-- Opening Marker --

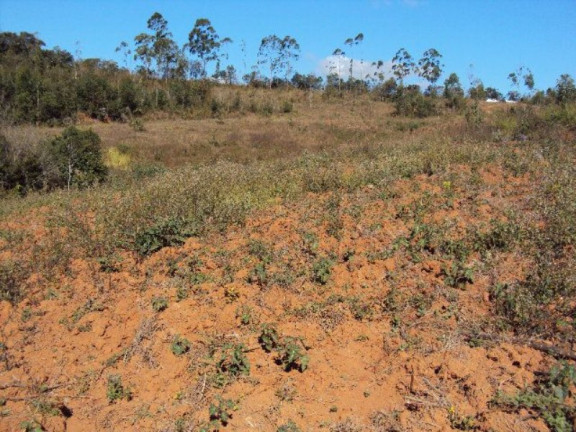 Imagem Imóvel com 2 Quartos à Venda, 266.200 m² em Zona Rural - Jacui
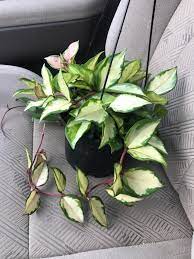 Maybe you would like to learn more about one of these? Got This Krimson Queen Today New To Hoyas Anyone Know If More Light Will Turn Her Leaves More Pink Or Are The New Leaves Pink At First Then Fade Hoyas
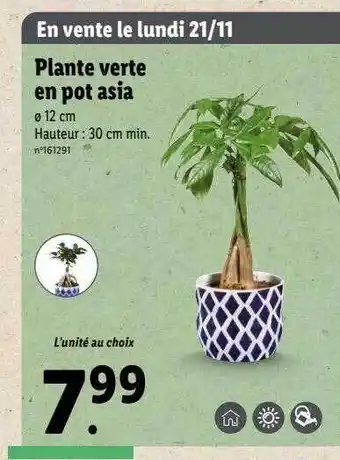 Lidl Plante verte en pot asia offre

-- Closing Marker --
-- Opening Marker --

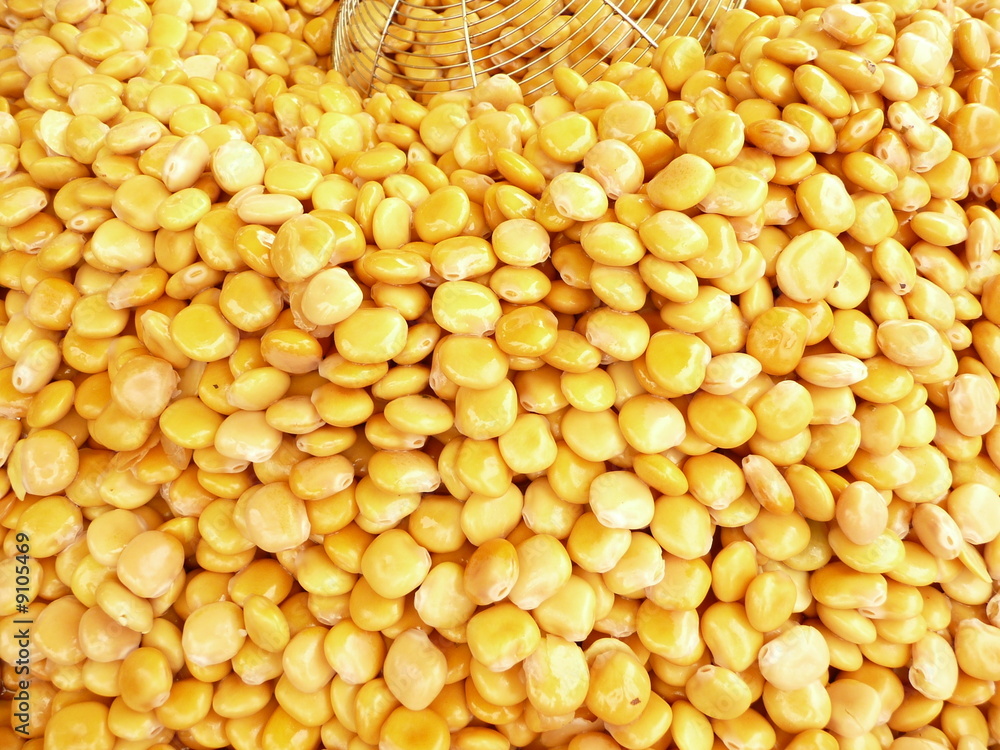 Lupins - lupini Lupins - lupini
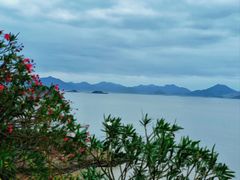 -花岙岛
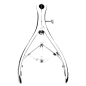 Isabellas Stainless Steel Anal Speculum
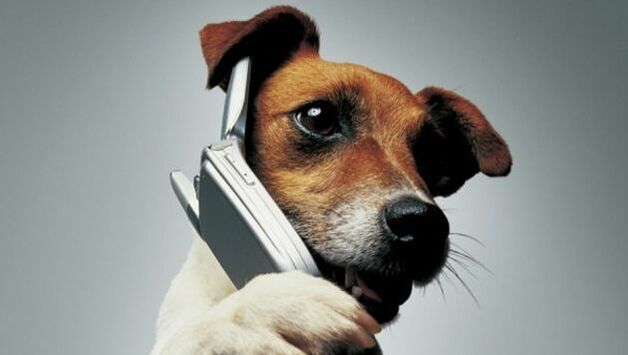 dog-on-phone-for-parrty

-- Closing Marker --
-- Opening Marker --

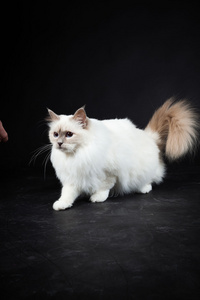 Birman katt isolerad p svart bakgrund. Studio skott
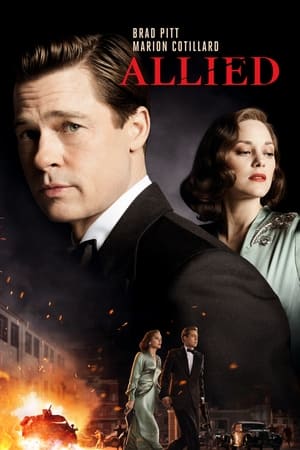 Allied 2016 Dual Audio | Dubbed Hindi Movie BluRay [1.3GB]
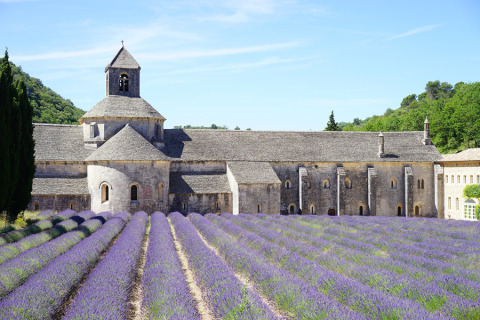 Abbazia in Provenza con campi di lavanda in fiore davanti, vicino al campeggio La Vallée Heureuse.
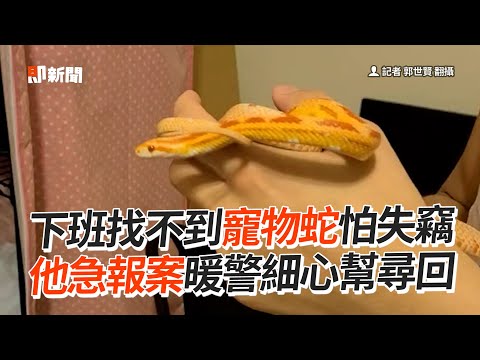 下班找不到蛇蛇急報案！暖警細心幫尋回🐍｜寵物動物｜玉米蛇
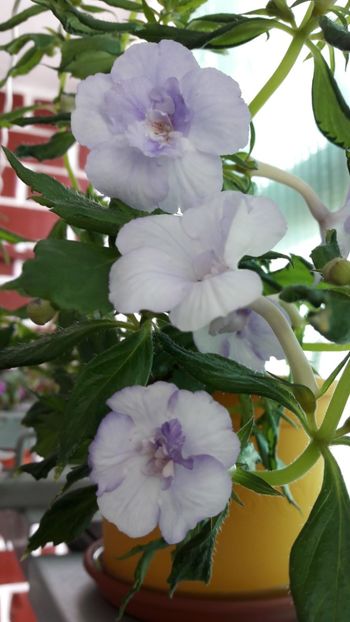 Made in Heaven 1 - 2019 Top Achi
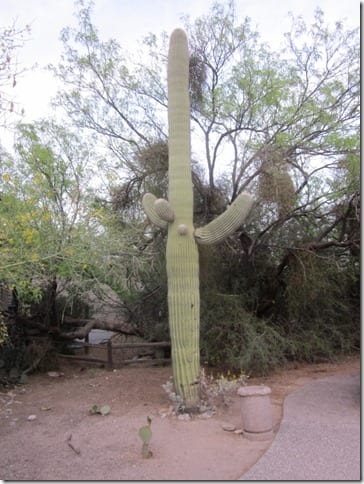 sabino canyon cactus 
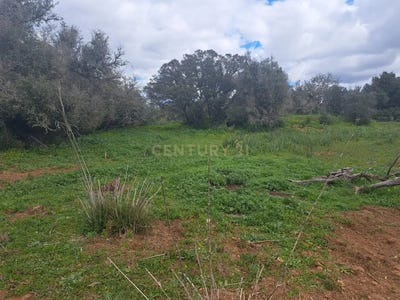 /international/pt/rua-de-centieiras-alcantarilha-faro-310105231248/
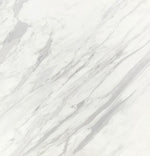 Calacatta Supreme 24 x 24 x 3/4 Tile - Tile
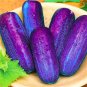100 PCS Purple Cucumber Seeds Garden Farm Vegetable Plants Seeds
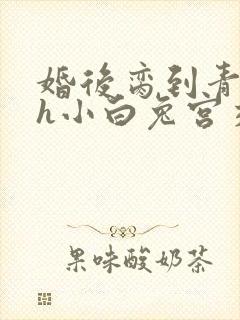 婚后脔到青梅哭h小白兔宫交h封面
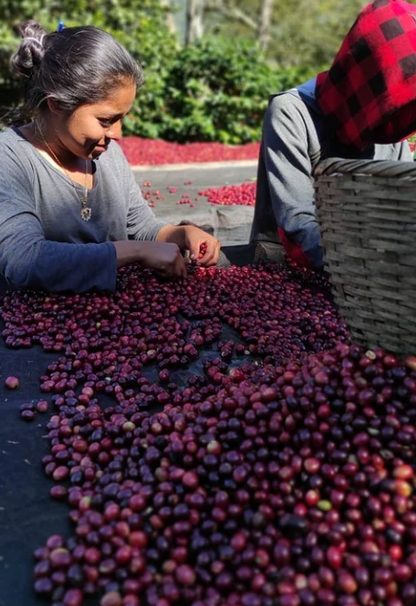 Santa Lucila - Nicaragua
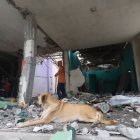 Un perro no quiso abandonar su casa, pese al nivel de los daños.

-- Closing Marker --

Goal of the exercise
In the listing above, find the line with "Lupins - lupini Lupins - lupini" and the line with "dog-on-phone-for-parrty". Transcribe those two and everything between, exactly, leaving out pictures.

Answer to this problem
 Lupins - lupini Lupins - lupini
 -花岙岛
 Isabellas Stainless Steel Anal Speculum
 dog-on-phone-for-parrty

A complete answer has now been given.